For students nationwide, Fresher’s Week is a highly anticipated event. Newsfeeds are inundated with pictures of foam parties, fancy dress, and people covered in paint, all high on the intoxicating wonders of that well-known drug, alcohol. And possibly some other stuff too, but we won’t go into that.

A lot of students look forward to the never-ending partying of student life, and Fresher’s Week seems like the best time to push the boundaries and really see how stupid, unsociably loud and annoying you can be. But what if you’re not such a fan of the booze? Well I’m here to tell ye a tale, my friends. So listen well.

When I was a wee fresher, I was more or less Tee Total. I’d had some bad (and I mean BAD) experiences in my sixth form years, and I was pretty certain I wasn’t going to drink ever again. Luckily for me, I’d been chatting to some of my to-be-fellow-students on Facebook over the summer holidays, and it just so happened that there were one or two people who weren’t so interested getting drunk either.
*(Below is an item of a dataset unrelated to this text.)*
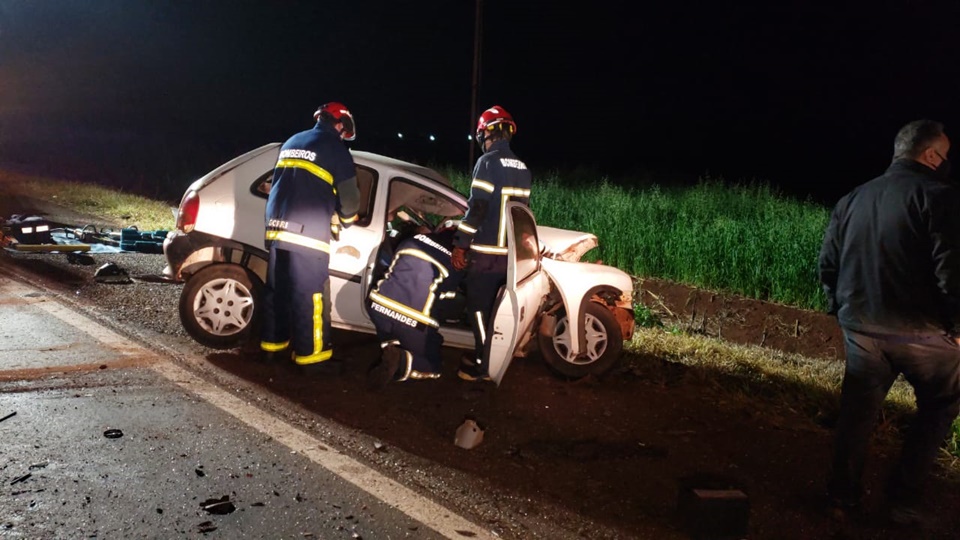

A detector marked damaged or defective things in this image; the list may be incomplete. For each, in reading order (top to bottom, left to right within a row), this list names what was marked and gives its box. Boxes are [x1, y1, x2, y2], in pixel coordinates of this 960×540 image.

white damaged car [161, 141, 632, 382]
crumpled car hood [536, 225, 596, 262]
So, on the first night of Fresher’s Week, whilst others were filing up outside the Student Union, clad in Where’s Wally outfits and clutching onto glow sticks, my friends and I held a hot chocolate party.
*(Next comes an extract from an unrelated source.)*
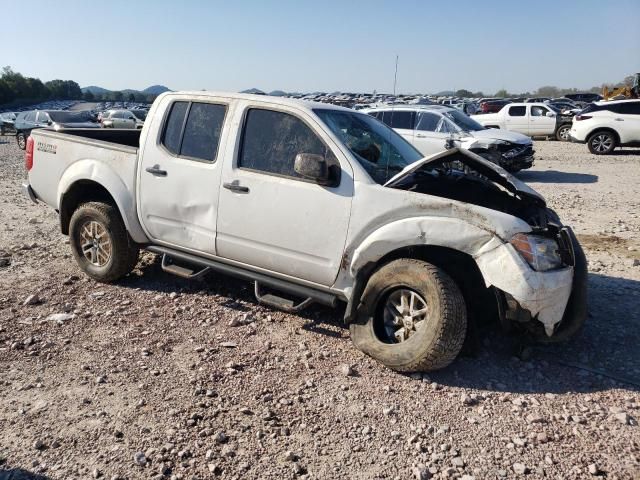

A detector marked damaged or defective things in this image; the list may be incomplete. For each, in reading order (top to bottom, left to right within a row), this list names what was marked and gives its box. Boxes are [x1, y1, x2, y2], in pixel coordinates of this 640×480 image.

wrecked vehicle [23, 92, 584, 374]
damaged nissan frontier [23, 92, 584, 374]
wrecked vehicle [362, 106, 532, 173]
broken headlight area [508, 233, 564, 272]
There were several things that were brilliant about this:

 

1)   Hot chocolate.

2)   We got to know each other sober, and therefore knew that if we got on, it was because we genuinely liked one another, and if we didn’t, it was because we genuinely hated each other’s guts. No platonic beer-goggles were worn that night.

3)   Outside of the humdrum of noise that was the Student Union, we were actually able to hear one another – so we knew we had just been introduced to someone called Gwyn who does Physics, instead of going away convinced that we’d just met someone called Chin who does mimics.
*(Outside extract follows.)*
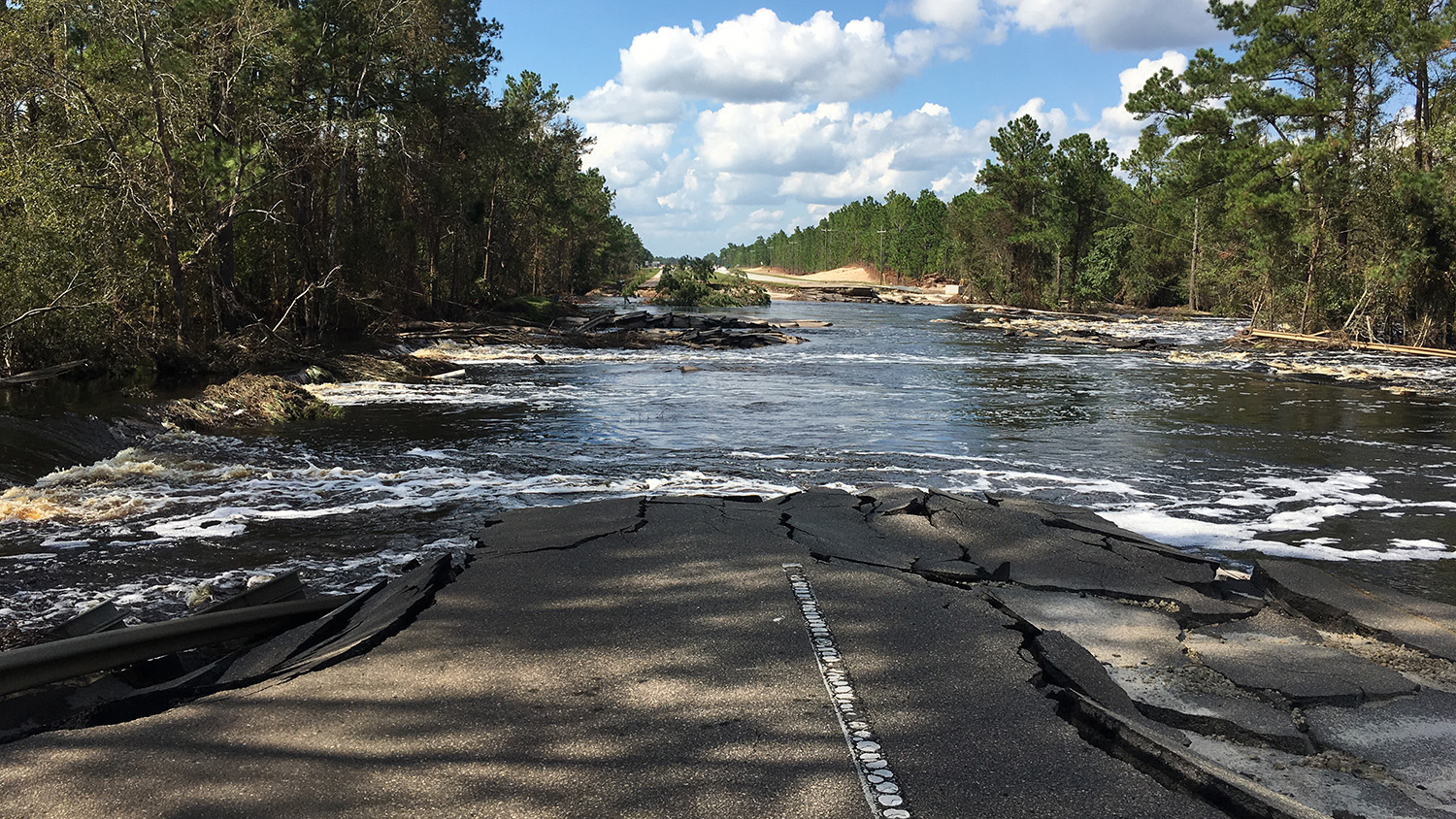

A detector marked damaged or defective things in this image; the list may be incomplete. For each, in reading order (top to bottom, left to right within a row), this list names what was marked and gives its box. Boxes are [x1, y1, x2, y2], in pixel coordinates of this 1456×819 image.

4)   Those little marshmallows you get in your hot chocolate.

 

A lot of people don’t remain friends with those they meet in Fresher’s Week, partly because you meet SO many people. But I have, to this day, remained friends with more or less all of the people who came to that hot chocolate party.

Of course, I’m not criticising anyone’s decision to drink – if you know you can handle your alcohol (or even if you know you can’t, at least you’re honest) and you enjoy it, then go for it. I myself started drinking again socially a couple of months into Uni, and I had some pretty good times.

Out of all my hot chocolate party friends, one has remained loyally Tee Total, which has proven to be somewhat entertaining at past parties we’ve attended together. I remember one event in particular, when she sat on the sofa the entire evening and single-handedly consumed a whole lemon cake. The next day when I popped my head round her door, she was still in bed. She told me she’d been ‘chundering’ all night and had concluded that she had a lemon cake hangover. It’s been a running joke ever since.

So, if you’re anything like my Fresher self, or my lemon cake eating friend, don’t panic. You can still have an amazing time at Fresher’s Week, and better still, you’ll remember every lemon cakey, hot chocolatey second of it.